Data to use:
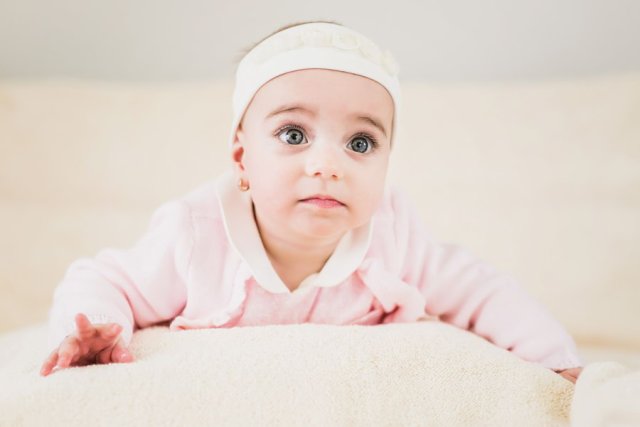 fotograf botez bucuresti 015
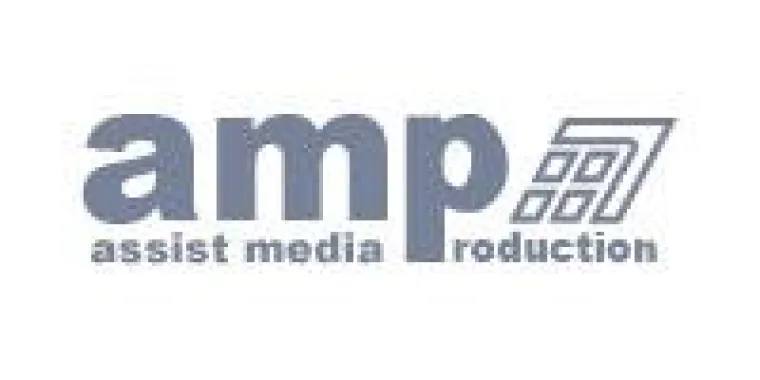 Bild: Konkurrenz für „DSDS“ und „Das Supertalent“...?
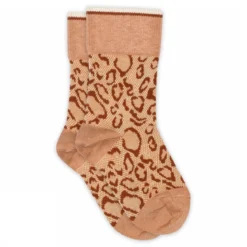 Leoni socks
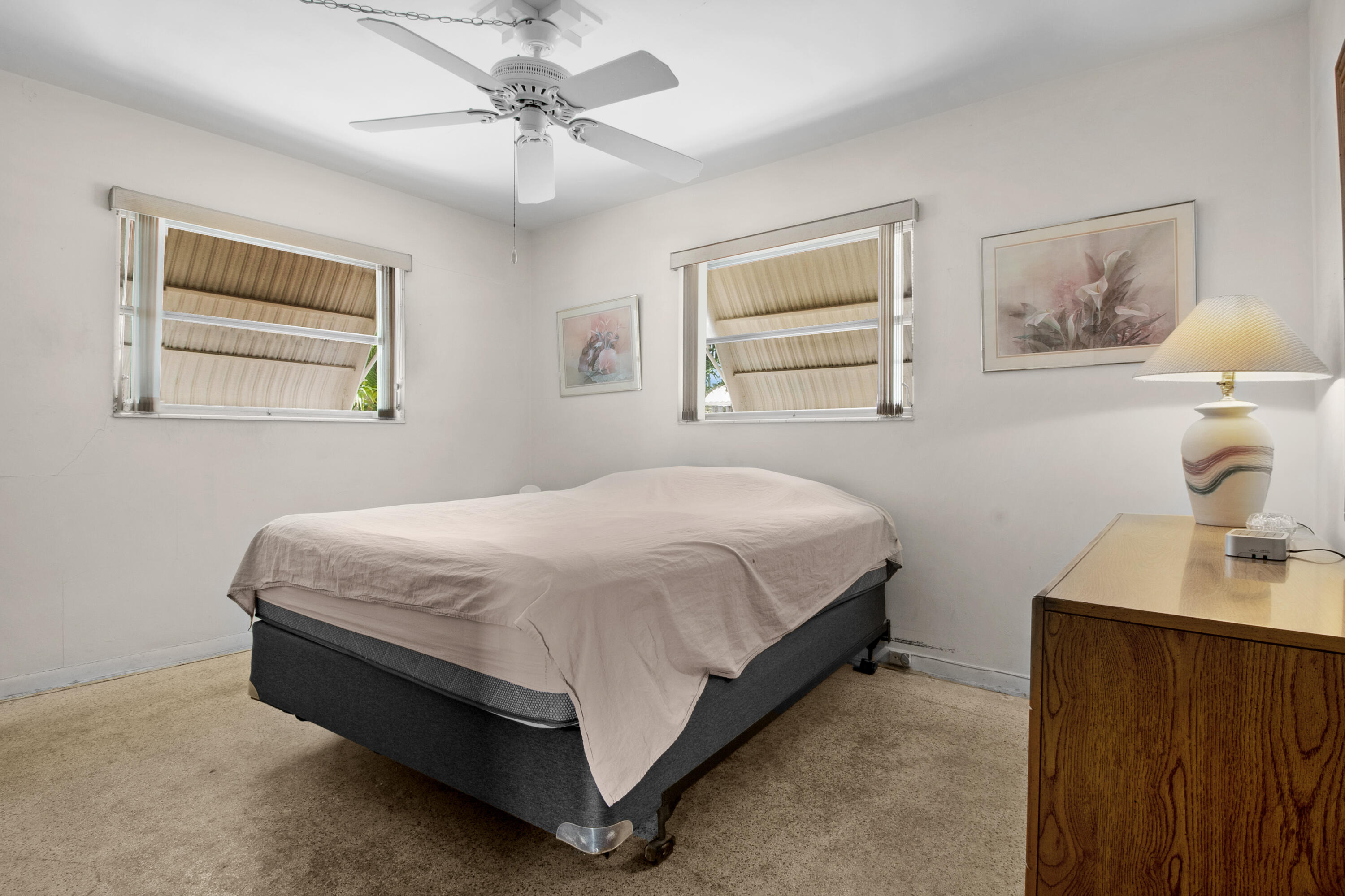 5731 NE 17 Ter Terrace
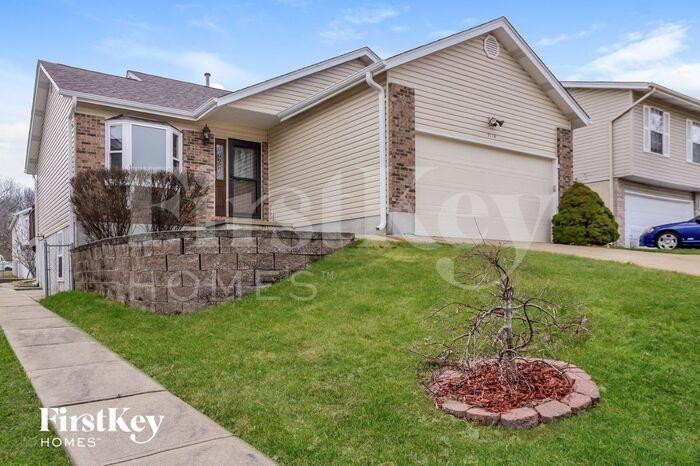 3114 5 Oaks Dr - Photo 2 of 14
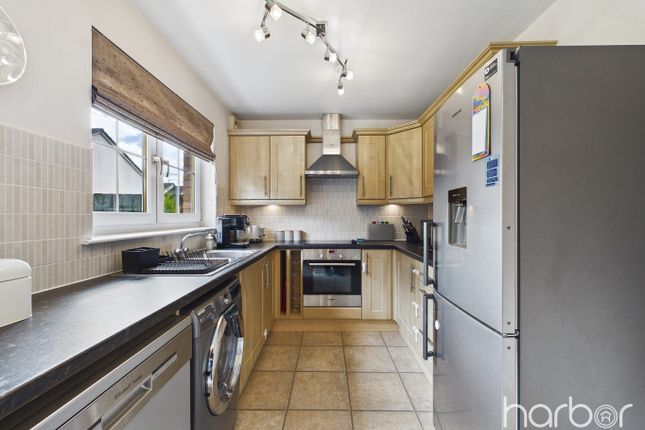 8, Kateswell Drive, North Lanarkshire photo 4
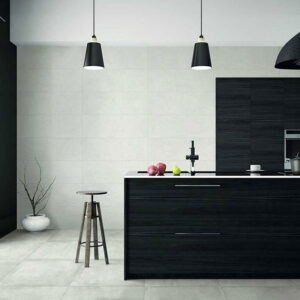 Marazzi Work küchen- Fliese | Fliesen und Bodenfliesen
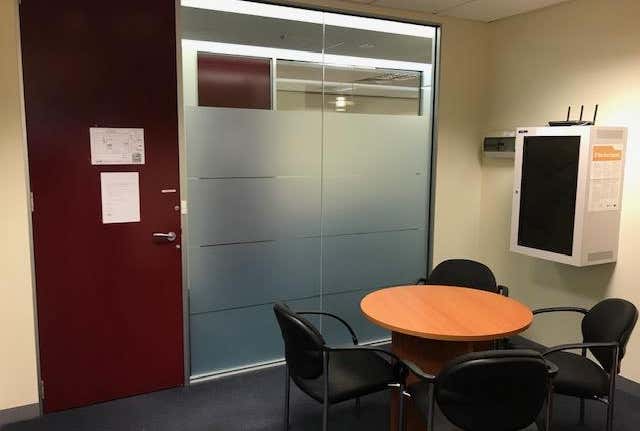 Suite 411, 737 Burwood Road Hawthorn VIC 3122 - Image 5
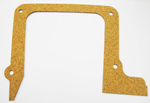 GEAR HOUSING GASKET SET OF 2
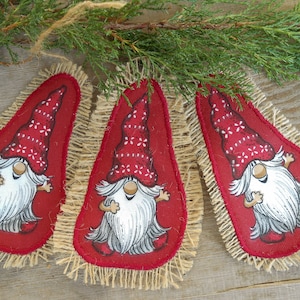 Stocking Filler Ideas Stocking Stuffer Ideas Scandinavian Christmas Swedish Christmas Christmas Decor Stocking Gift Christmas Ornament
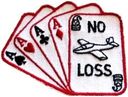 96fts_no_loss_flt.jpg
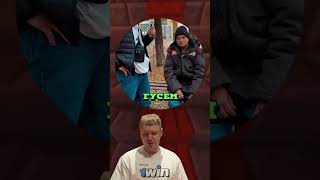 Too Many Cooks | Adult Swim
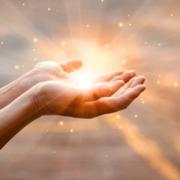 Belverzoek voor online medium  Spirita - online-medium
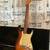1962 FENDER STRATOCASTER REISSUE JAPAN 4 thumbnail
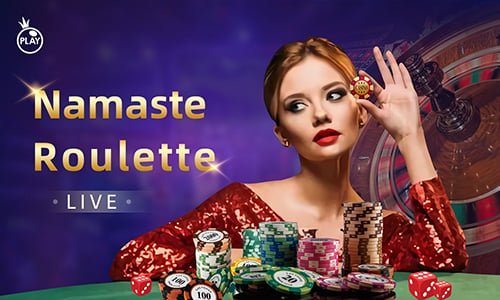 73bet login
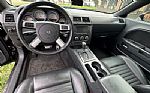 2009 Challenger R/T V8 Hemi Thumbnail 15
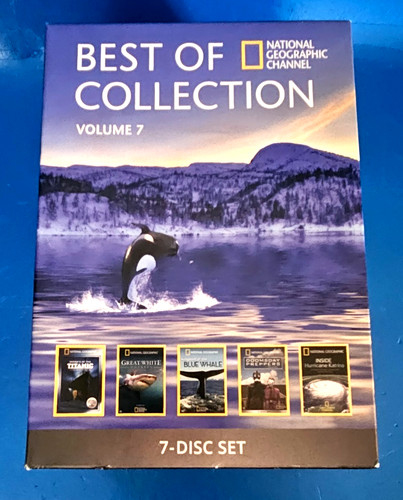 National geographic best - geographic,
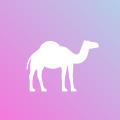 骆驼直播app苹果版
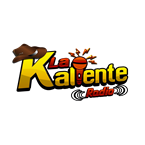 La Kaliente Radio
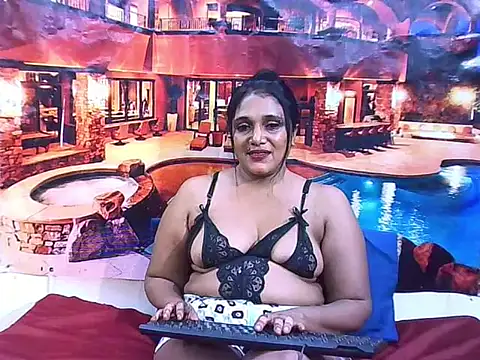 IndianSexyLady20 online show from 11, 4, 2026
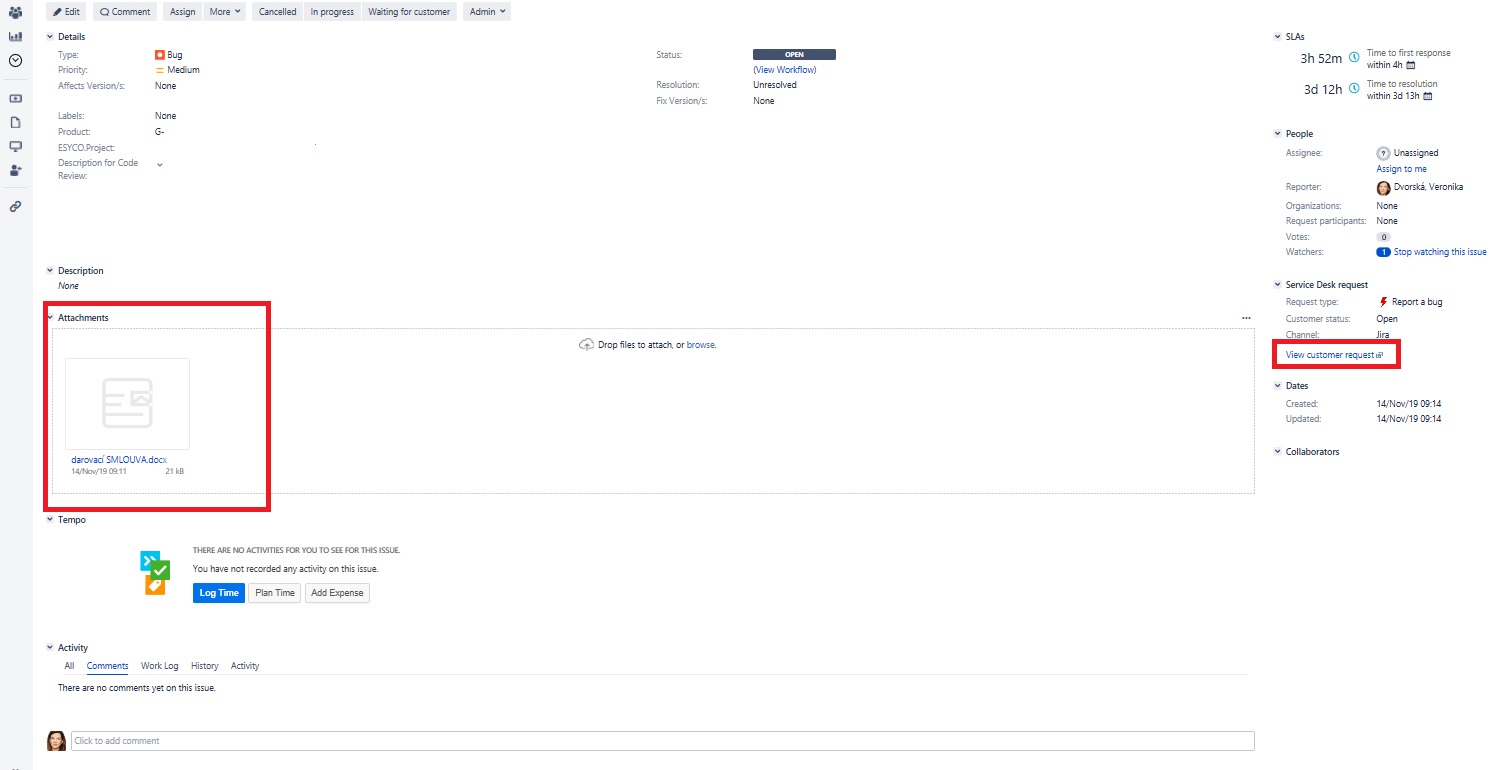 Jira - attachment.jpg Jira - attachment.jpg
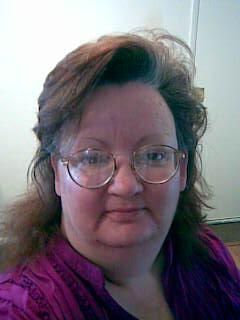 Brenda Adams - Class of 1984 - Provo High School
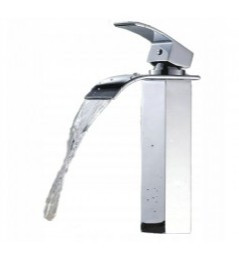 SLIM 3in1 Magasított mosdó + Kád + Zuhanyrózsa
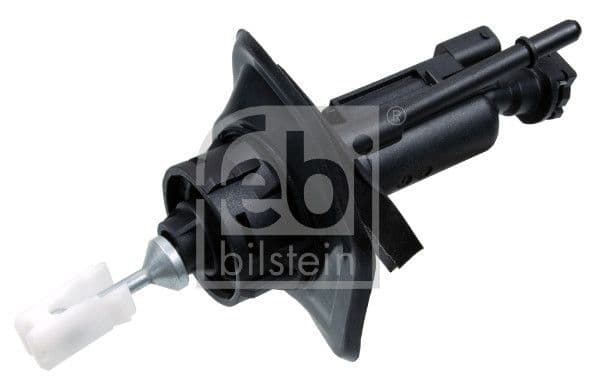 Pompa centrala, ambreiaj FEBI BILSTEIN 185183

Aim of the task:
No pictures belong in the copy; quote exactly the lines from the line containing "Jira - attachment.jpg Jira - attachment.jpg" through the final line of the material, both ends included.

Solution for this problem:
 Jira - attachment.jpg Jira - attachment.jpg
 Brenda Adams - Class of 1984 - Provo High School
 SLIM 3in1 Magasított mosdó + Kád + Zuhanyrózsa
 Pompa centrala, ambreiaj FEBI BILSTEIN 185183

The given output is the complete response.